Arbeitspsychologisches Konzept für die Einführung von EDV:Mitsprache bringt Motivation

14.09.1979

Das Auftreten von mehr oder minder gravierenden "Abwehr-Reaktionen" beim Aufbau einer EDV-gestützten Organisationsstruktur wird immer noch unnötigerweise häufig als unvermeidlicher Reibungsverlust hingekommen. Wenn man sich jedoch bewußt macht, daß fast alle auftauchenden Akzeptanz-Probleme entweder aus mangelhafter Vorbereitung (Überrumplung) oder aus einer zwar vorhandenen, aber doch korrigierbaren Unkenntnis resultieren, dann ist der erste Schritt zur reibungslosen und damit erfolgreichen und für alle befriedigenden Einführung eines zeitgemäßen Kommunikationssystem getan.

Abbau von Vorurteilen und Ängsten

Mit der Mitteilung: " Wir installieren eine EDV-Anlage ", werden bei allen Beteiligten persönliche Erwartungen geweckt. Diese Erwartungen sind auf ein realistisches Maß zu reduzieren.

Welche positiven Erwartungen sind erkennbar?

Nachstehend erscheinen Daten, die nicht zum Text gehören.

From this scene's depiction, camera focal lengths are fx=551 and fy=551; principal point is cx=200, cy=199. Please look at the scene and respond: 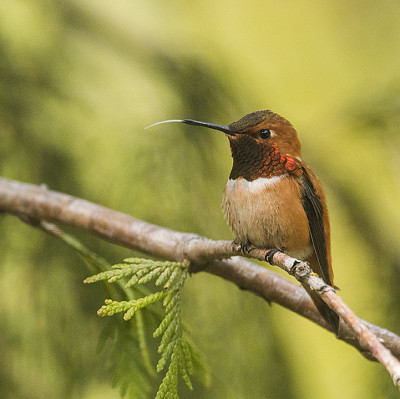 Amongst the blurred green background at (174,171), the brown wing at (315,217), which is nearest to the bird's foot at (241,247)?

Arbeitsentlastung von Anfang an;

Grundlegende Änderung aller (negativen) Organisationsstrukturen;

Unbegrenzte Informationsmöglichkeiten.

Zum sinnvollen Abbau dieser zu positiven Erwartungsmuster gehört unbedingt die faire Information über eine in der Analysephase und beim Dateienaufbau ansteigende physische und psychische Arbeitsbelastung für jeden Einzelnen. Darüber hinaus ist es zumeist wenig sinnvoll, alle vorhandenen Organisationsstrukturen zu ändern. Mit Ausnahme von absoluten Fehl-Organisationsformen ist es einfacher und sinnvoller die EDV-Organisation an die Gegebenheiten anzupassen als umgekehrt.

Wenn nun noch den Beteiligten die Erkenntnis vermittelt wird, daß die EDV-Organisation nur den Informationsgehalt verarbeiten und zurückgeben kann der ihr zuvor eingegeben wurde, so kann der Fehler einer zu hohen, positiven Erwartung mit fast schon programmierter Enttäuschung vermieden werden.

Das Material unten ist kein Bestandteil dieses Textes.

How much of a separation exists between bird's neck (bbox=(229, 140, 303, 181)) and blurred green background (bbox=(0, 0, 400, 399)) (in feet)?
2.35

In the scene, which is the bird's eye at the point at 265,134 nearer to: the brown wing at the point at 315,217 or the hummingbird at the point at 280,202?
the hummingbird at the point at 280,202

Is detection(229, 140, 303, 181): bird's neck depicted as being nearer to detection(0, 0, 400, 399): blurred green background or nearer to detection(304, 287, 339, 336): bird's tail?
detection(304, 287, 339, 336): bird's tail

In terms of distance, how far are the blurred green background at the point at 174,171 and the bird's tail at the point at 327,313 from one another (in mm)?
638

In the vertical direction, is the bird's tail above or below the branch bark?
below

Welche negativen Erwartungen und Ängste sind erkennbar?

Tohuwabohu während der Installationszeit;

Angst vor Arbeitsplatz-Verlust;

Angst vor der Transparenz der eigenen Leistung;

Angst vor der Technik;

Angst vor der Abwertung der eigenen Tätigkeit;

"Big-Brother-Angst" .

Diese Erwartungen müssen unbedingt noch vor Beginn der Analyse-Phase abgebaut sein, damit auf allen Ebenen so früh wie möglich eine hohe Kooperationsbereitschaft vorausgesetzt werden kann.

All diese Erwartungen und Ängste resultieren aus Unkenntnis der Zusammenhänge. Ein ausreichender Kenntnisstand und eine positive Grundeinstellung wird durch die motivierende Heranführung an die Problemkreise erreicht.

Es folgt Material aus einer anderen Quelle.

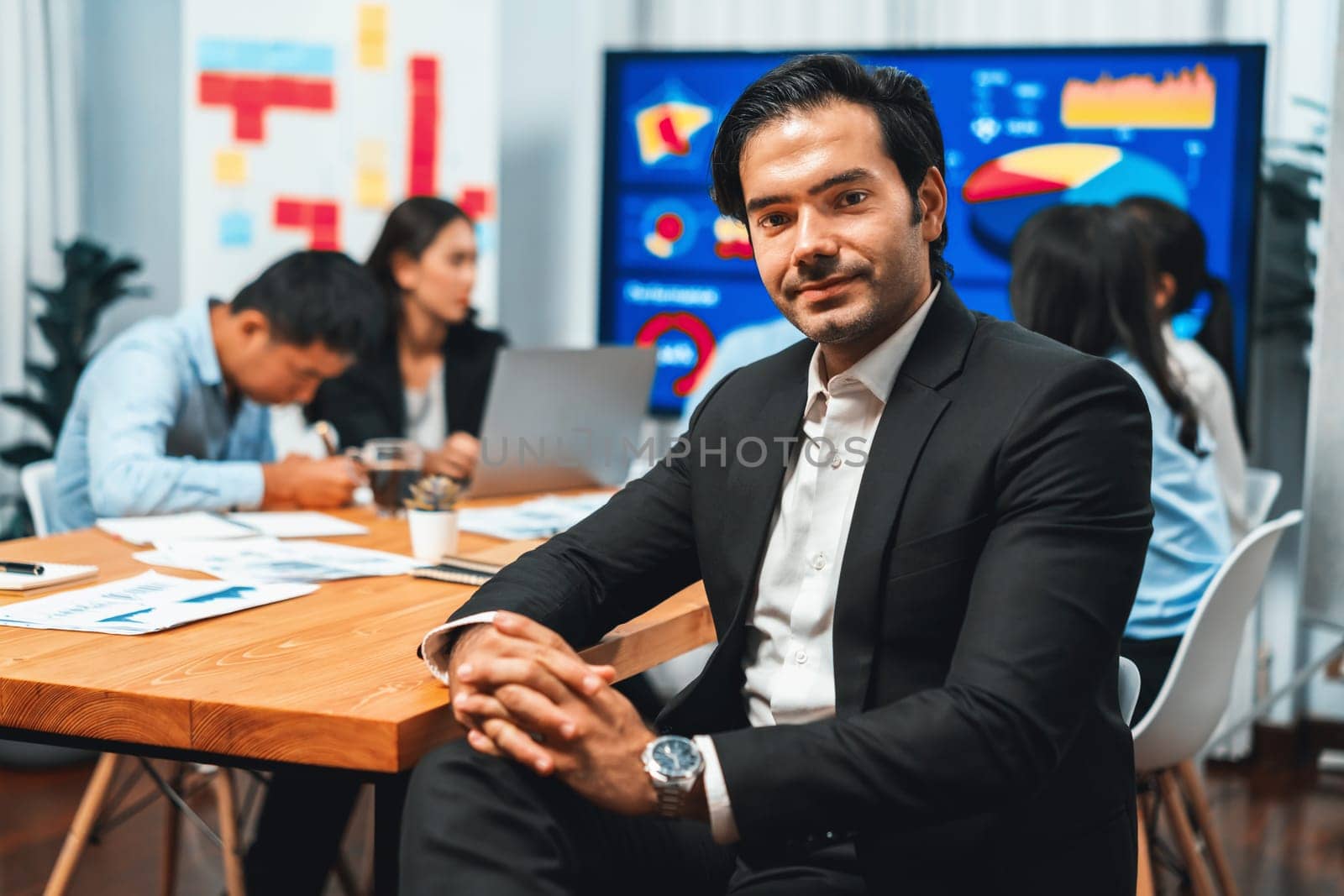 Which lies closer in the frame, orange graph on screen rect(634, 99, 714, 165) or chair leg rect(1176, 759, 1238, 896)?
chair leg rect(1176, 759, 1238, 896)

Oft erweist es sich als sinnvoll, zunächst spielerisch die "Menschenabhängigkeit" des Computers zu demonstrieren.

Wenn nun noch das Verstehen und Mitdenken während der Analysephase die beruhigende Gewißheit vermiedener Unordnung während der Implementierung erzeugt und zum Beispiel die Teilnahme an einem Kurz-Seminar in die Grundlagen der Systemanalyse und Programmierung dafür sorgt, daß jeder einzelne Mitarbeiter Verständnis für die Belange der Programmierung zeigt und keine Hexerei in der EDV sieht, sind fast schon alle vordergründigen Ängste und Widerstände verschwunden.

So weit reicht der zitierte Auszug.